Results After Application

No min_score min_score=0.3
Results returned 10 2
Relevant notices 2 (score=0.75) 2 (score=0.75)
Noise 8 (score=0.10) 0
Precision 20% 100%

Why 0.3: The weakest meaningful match is “province name only” (0.10 + 0.30 = 0.40). 0.3 is slightly below this minimum meaningful match — a conservative threshold that definitely filters out pure noise (0.10) while not missing weak matches. In actual testing, no scores between 0.10 and 0.40 were observed, so any value in the 0.2~0.35 range would have the same effect.

Lesson: Rather than always returning results up to the limit count, it’s much better for user experience to not return results that don’t meet quality criteria. “Nothing is better than wrong.” Especially when AI agents consume these results, noise leads to incorrect inference.

Performance Measurement Results

Response Time by Scenario

Scenario Time Description
Initial full load 52.2s Download(1.5s) + Parse(4.2s) + INSERT(46.4s)
Incremental (HEAD skip) 0.32s Content-Length same → Exit immediately
Incremental (5 new) 2.26s Download(1.5s) + Scan(0.1s) + INSERT(0.01s)
Incremental (0 new, CL changed) 2.02s Download(1.5s) + Scan(0.1s) + No new records

Time Breakdown by Layer

Step Time Notes
HEAD request 0.14s Network latency only
Full download (81MB) 1.5s Server→Server (within AWS)
Reverse scan (448K rows) 0.14s 0 new → Check only 1 row
Full DictReader parse (comparison) 1.60s Pre-optimization method
csv.reader 5 records parse < 0.01s Negligible
execute_batch 5 records INSERT < 0.01s Negligible
execute_batch 448K records INSERT 46.4s Initial load only

Bottleneck Analysis: The bottleneck in initial full load is the 46.4s INSERT (89% of total). However, since initial load happens only once and subsequent syncs need only incremental sync (0.3~2s), this was excluded from optimization targets. Could be improved with COPY FROM, but ROI is low.
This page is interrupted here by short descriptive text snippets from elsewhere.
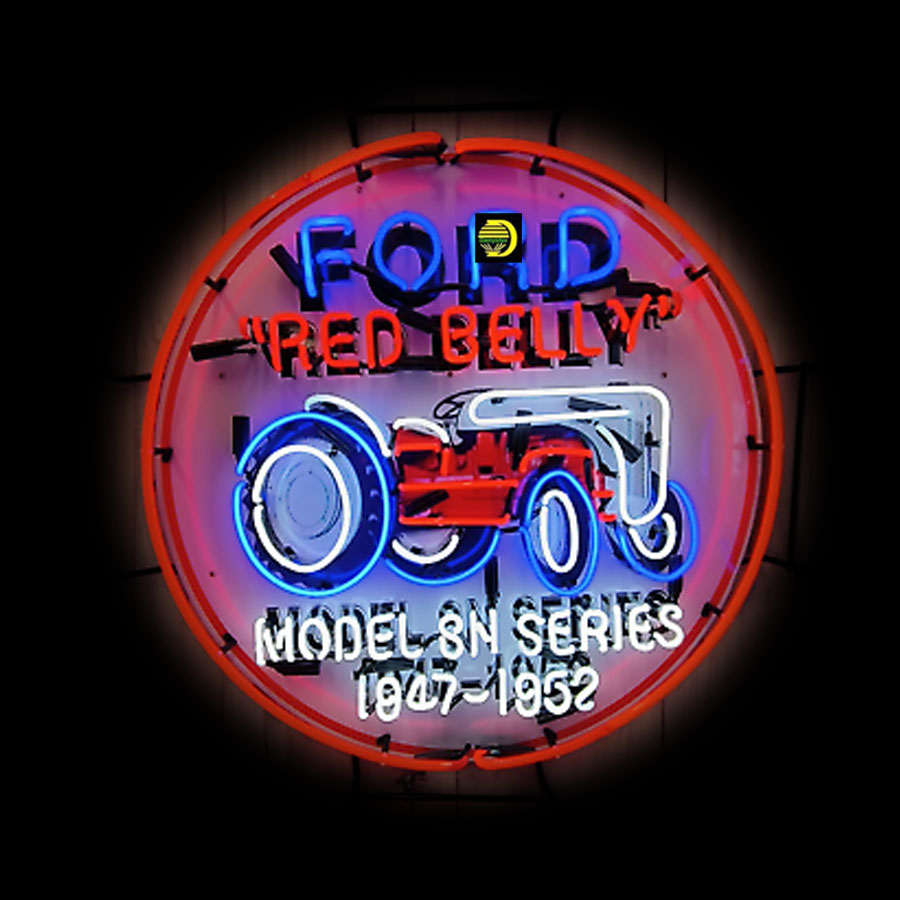 Commercial Printing Ink - For Red Belly Neon Sign Tractor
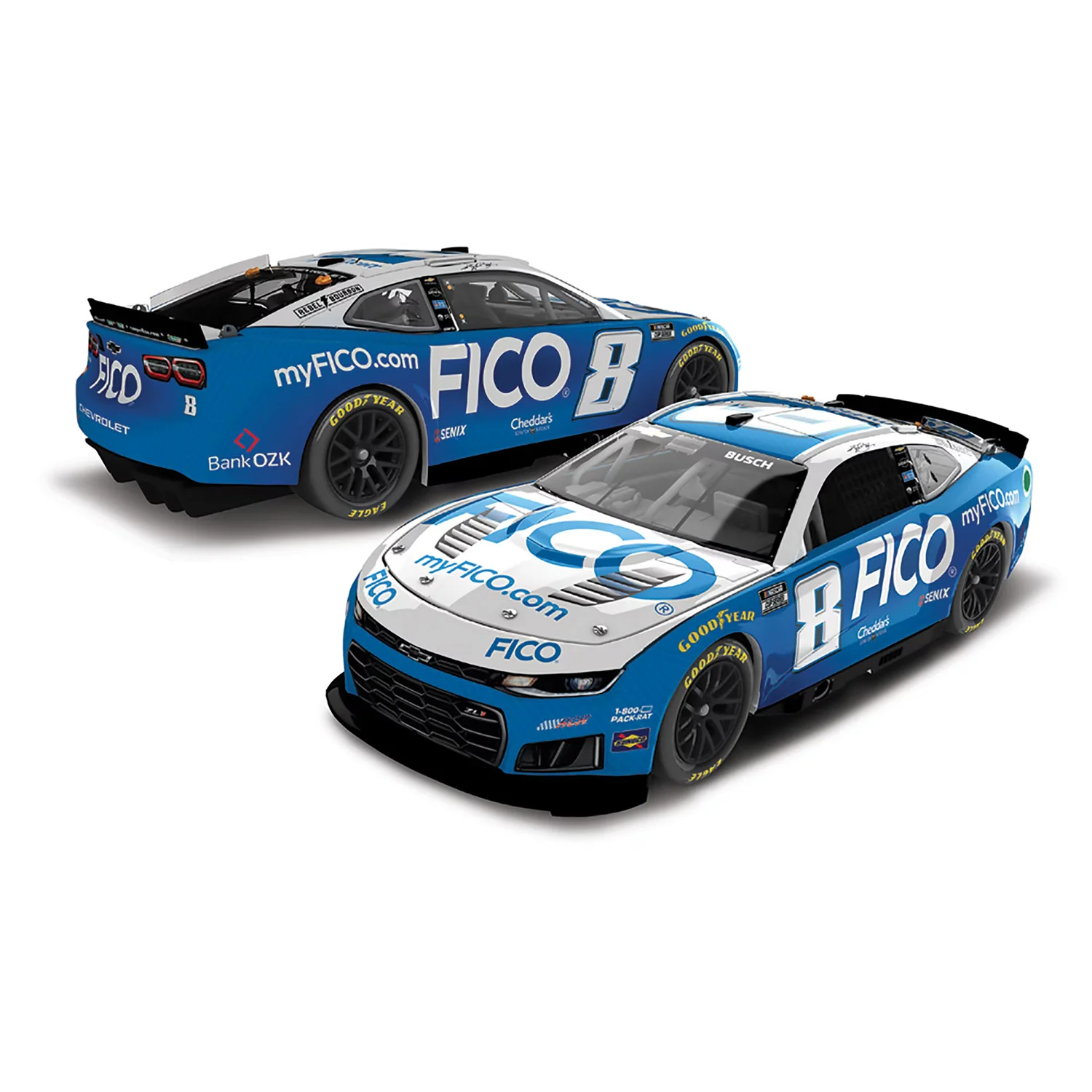 Kyle Busch FICO 1:24 Standard 2026 Diecast Car Preorder - Currently Projected October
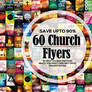 60 Glorious God Church Flyer Bundle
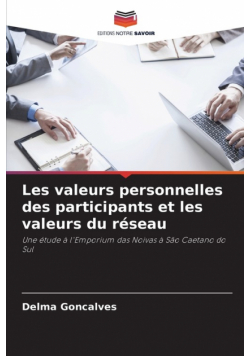 Les valeurs personnelles des participants et les valeurs du réseau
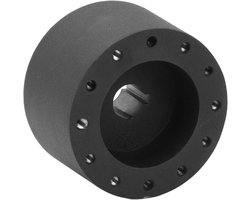 Premium Marine Steering Wheel Hub Adapter met 6 Gaten, Sterke Metaalstructuur en 3/4 Inch Sleuf voor Bootbesturing met 5mm Schroefgaten en Compatibiliteit voor Grant NRG Lecarra GT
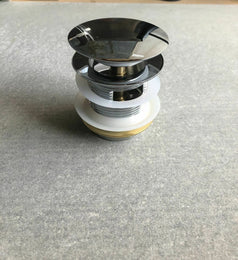 Two of 40 mm Watermark Chrome mushroom pop up plug with OVERFLOW for wash Basin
Before/After Comparison (Typical Calls)

Before Optimization After Optimization Improvement
No changes 52s (full load every time) 0.3s (HEAD skip) 173x
5 new records 52s (full parse + compare all) 2.3s (reverse scan + incremental) 23x

Key Lessons

1. Check HTTP Headers First

Before downloading data, determine “whether you need to download” with a HEAD request first. Any one of Content-Length, ETag, or Last-Modified is sufficient. Public data APIs often don’t provide these headers well, but Content-Length is mostly available.
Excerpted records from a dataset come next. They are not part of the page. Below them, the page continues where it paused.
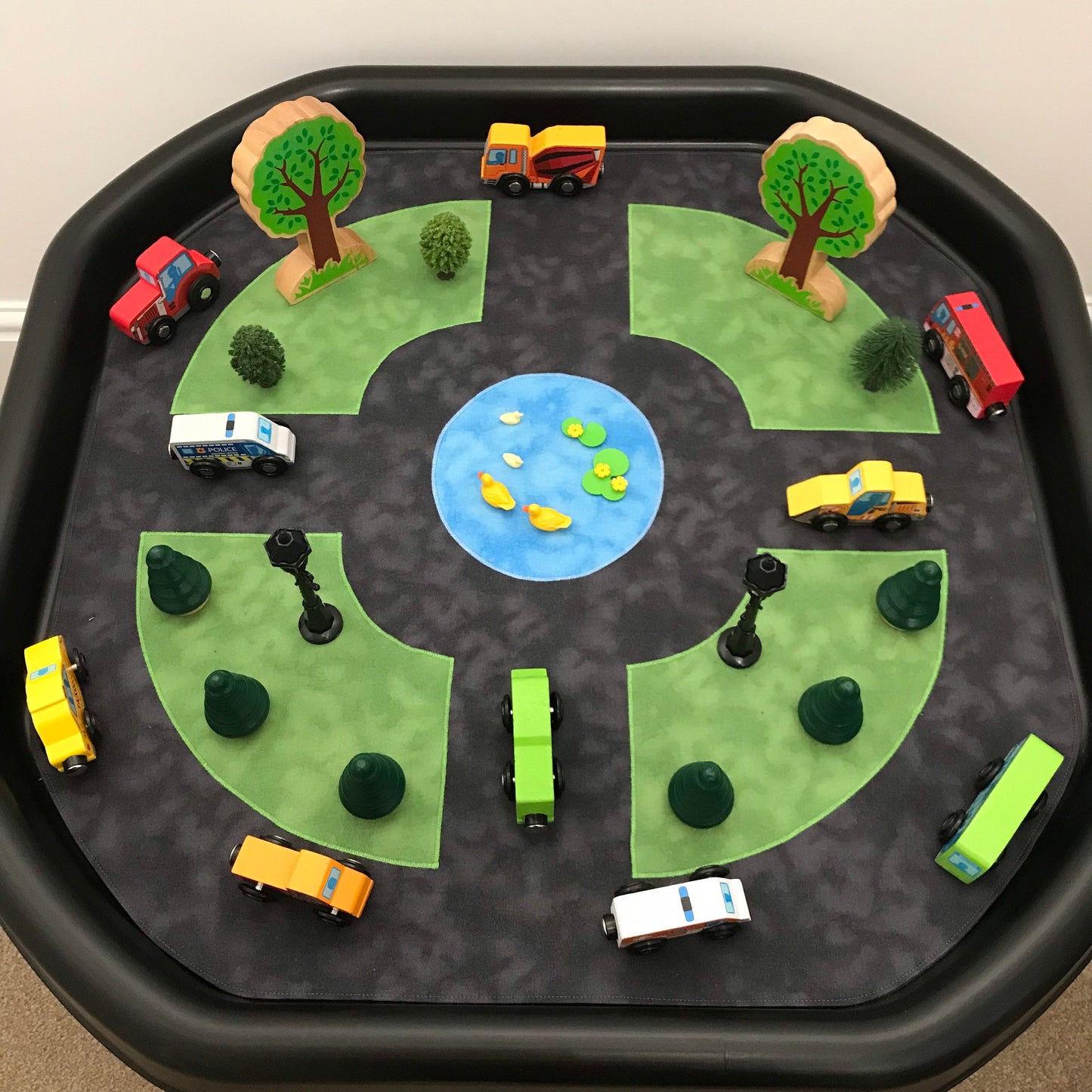 Tuff Tray Play Mat - Made to Order - Dark Green reverse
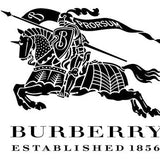 Close-up of Burberry handbags hardware and fine stitching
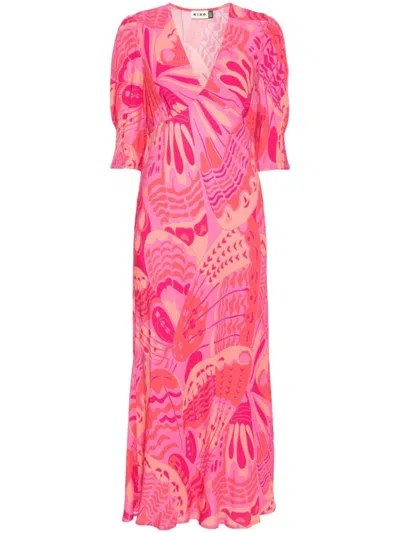 Shop Rixo London Rixo Dresses In Butterfly Pink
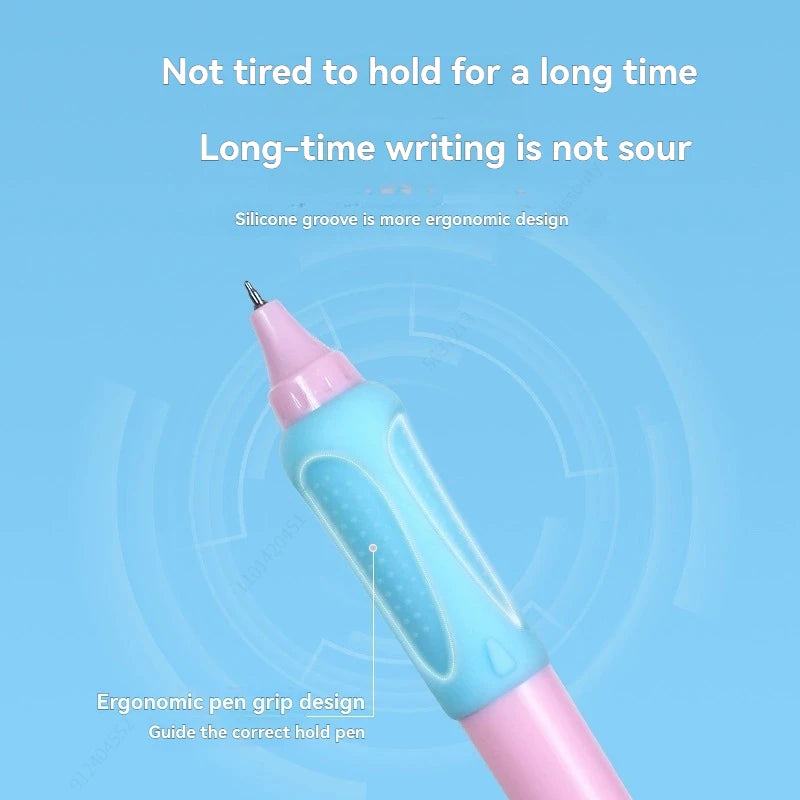 3Pcs/Set Erasable Gel Pens Kawaii 0.5mm Blue/Black Ink Quick Drying ST Tip Proper Pen for Student Stationery Supplies Qme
2. Design Algorithms Based on Data Characteristics

The domain knowledge that “new data is always appended at the end” enabled reverse scanning. Algorithms tailored to data characteristics are far more efficient than general-purpose ones (full scan, hash comparison).

3. Validate “Seemingly Necessary” Features with PoC

The sido/sigungu columns seemed intuitively necessary, but actual PoC results showed we could get the same results without them. Additional columns/indexes come with maintenance costs and data consistency risks. One PoC before writing code can avoid unnecessary complexity.
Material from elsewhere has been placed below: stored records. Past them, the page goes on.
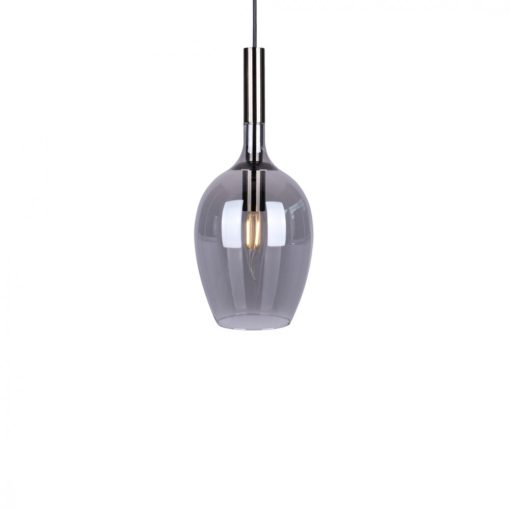 Pendant lamp LUGANO SMOKED 1xE14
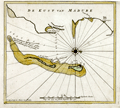 Old chart of "Tutucoryn" ( Thoothukudi ) on the Gulf of Mannar, India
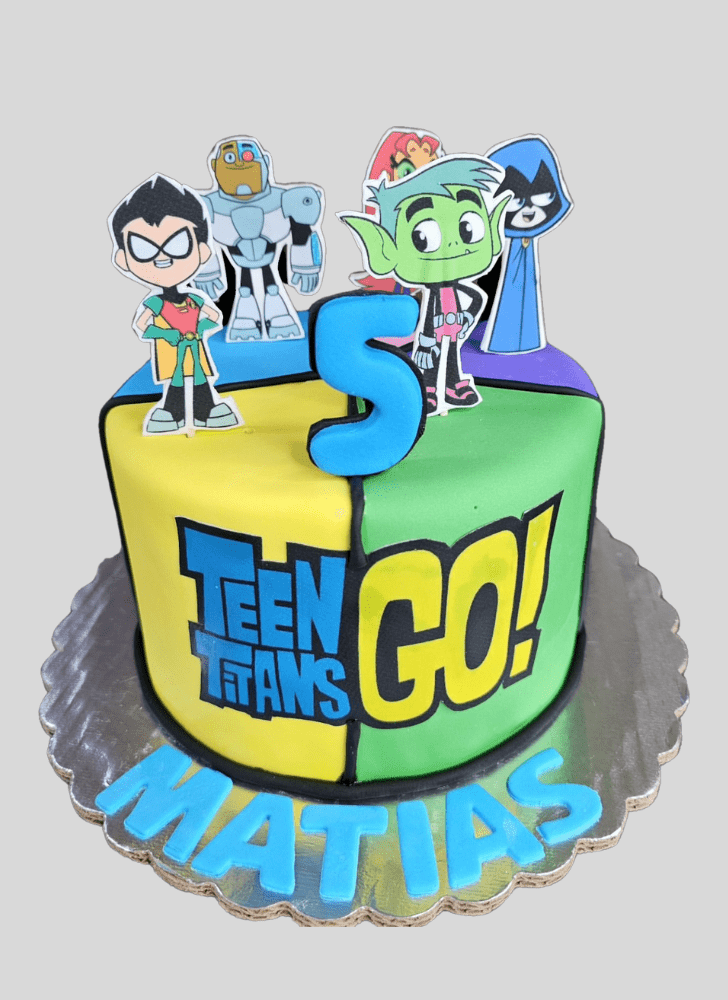 Adorable Teen Titans Go Cake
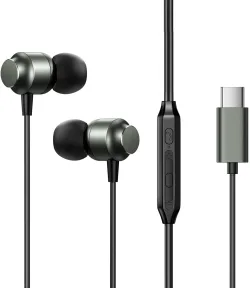 Auricolare USB-C Joyroom JR-EC06, Grigio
4. Separate Optimization Layers

Rather than trying to achieve perfect optimization at once, separating by layers allows independent testing and improvement of each layer. A structure where Layer 2 works even if Layer 1 fails is more stable.

5. Code Defensively, But Don’t Sacrifice Performance

We maximized happy path performance while adding safety nets like ON CONFLICT DO NOTHING, fallback on HEAD failure, and date parsing correction (“2020-03-00” → “2020-03-01”).

6. Search Results: Quality Over Quantity

A single threshold (min_score=0.3) improved Precision from 20% to 100%. Especially in pipelines where AI agents consume results, noise leads to incorrect inference. Apply the principle “nothing is better than wrong.”